CU and Appraiser Regulation
Whether you believe Fannie Mae’s comprehensive rollout of Collateral Underwriter will finally weed out the lazy form-fillers or it will end up euthanizing the aging residential leg of the profession once and for all, is not the subject of this article. There are plenty of blogs, articles, and seminars that are wrestling with the efficacy of CU and its long-term impact.
To be sure, the profession has entered the new age of big data. Residential appraisers will need to navigate regression analysis, heat maps, trend lines, oblique aerial images, and especially how to tie it all together into something meaningful.
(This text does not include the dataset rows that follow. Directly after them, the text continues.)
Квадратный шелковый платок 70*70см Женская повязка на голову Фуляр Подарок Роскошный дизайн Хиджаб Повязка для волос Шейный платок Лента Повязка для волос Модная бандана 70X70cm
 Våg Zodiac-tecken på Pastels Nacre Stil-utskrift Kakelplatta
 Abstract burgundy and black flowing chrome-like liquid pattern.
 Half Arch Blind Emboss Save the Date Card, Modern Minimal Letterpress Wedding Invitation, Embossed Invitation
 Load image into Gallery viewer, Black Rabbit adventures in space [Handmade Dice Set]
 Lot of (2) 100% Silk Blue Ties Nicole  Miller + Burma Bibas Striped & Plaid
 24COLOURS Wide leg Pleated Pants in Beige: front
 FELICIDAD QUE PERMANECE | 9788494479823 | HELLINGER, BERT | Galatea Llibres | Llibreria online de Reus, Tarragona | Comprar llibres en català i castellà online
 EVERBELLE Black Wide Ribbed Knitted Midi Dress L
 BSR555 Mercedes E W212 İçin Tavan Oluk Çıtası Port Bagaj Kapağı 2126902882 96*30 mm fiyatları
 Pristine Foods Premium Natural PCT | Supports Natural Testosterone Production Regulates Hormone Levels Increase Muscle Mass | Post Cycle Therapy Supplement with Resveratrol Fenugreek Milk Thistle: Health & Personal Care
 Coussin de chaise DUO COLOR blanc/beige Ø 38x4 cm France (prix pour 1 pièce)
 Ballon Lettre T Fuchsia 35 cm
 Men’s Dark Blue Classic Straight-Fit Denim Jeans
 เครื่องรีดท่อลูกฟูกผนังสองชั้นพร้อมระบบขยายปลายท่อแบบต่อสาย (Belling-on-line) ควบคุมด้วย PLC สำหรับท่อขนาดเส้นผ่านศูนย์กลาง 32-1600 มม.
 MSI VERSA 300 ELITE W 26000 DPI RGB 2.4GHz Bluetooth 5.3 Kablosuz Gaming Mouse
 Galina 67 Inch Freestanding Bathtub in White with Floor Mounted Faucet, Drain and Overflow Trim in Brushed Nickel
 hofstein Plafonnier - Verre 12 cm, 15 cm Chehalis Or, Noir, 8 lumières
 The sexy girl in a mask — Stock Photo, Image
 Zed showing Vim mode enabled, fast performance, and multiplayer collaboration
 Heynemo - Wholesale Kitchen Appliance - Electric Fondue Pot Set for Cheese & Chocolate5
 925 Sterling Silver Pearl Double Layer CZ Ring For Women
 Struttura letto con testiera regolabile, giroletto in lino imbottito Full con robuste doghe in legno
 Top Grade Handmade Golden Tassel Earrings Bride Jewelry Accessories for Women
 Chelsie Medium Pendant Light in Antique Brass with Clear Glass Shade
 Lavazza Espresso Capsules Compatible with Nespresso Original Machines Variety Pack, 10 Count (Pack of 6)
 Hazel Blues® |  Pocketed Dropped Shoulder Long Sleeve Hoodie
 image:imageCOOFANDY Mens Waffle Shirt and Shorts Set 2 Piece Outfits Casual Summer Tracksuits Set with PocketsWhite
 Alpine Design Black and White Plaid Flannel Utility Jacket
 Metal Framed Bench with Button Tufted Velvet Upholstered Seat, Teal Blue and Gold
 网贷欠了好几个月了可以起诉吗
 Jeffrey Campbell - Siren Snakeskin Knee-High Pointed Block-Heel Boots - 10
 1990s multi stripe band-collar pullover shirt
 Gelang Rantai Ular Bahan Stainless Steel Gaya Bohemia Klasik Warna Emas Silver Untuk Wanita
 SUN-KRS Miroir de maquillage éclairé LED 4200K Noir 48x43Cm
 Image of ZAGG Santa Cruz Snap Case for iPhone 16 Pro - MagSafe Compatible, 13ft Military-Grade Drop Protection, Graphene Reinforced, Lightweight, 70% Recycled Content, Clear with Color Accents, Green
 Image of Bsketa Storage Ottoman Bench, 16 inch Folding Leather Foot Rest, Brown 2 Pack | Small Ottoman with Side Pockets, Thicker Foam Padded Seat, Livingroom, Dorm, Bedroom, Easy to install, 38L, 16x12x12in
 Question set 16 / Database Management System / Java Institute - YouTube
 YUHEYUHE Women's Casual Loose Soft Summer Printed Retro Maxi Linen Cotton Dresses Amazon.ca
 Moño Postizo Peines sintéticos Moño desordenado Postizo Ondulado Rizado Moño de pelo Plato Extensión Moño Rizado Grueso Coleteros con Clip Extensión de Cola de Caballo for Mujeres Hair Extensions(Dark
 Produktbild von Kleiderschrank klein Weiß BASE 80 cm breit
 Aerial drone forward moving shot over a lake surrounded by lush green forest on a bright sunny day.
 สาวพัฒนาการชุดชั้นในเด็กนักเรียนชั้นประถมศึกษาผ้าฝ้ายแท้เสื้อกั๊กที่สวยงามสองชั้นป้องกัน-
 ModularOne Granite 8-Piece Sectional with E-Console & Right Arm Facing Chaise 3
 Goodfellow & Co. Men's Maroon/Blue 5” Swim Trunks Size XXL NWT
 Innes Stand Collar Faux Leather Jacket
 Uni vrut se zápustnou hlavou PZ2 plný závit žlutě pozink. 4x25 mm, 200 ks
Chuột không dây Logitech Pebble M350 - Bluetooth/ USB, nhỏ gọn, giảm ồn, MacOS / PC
From a regulator’s perspective, the new paradigm creates compliance challenges for appraisers and AMCs. Collateral Underwriter will be analyzing its own model data and data provided by an appraiser’s peers. Everyone needs to be aware that Fannie Mae’s label of “peer” is not necessarily synonymous with the USPAP definition of “peer”.
APPRAISER’S PEERS: other appraisers who have expertise and competency in a similar type of assignment.
Appraisers who are provided rebuttal data through CU will need to justify their own analysis against an unknown group of “peers”. No one will know for certain whether this pool of “peers” truly fits the USPAP definition that includes expertise and competency. A peer in USPAP is not just anyone with a license. To CU…they might be. AMCs will need to steer clear of making demands of their panel based upon CU output.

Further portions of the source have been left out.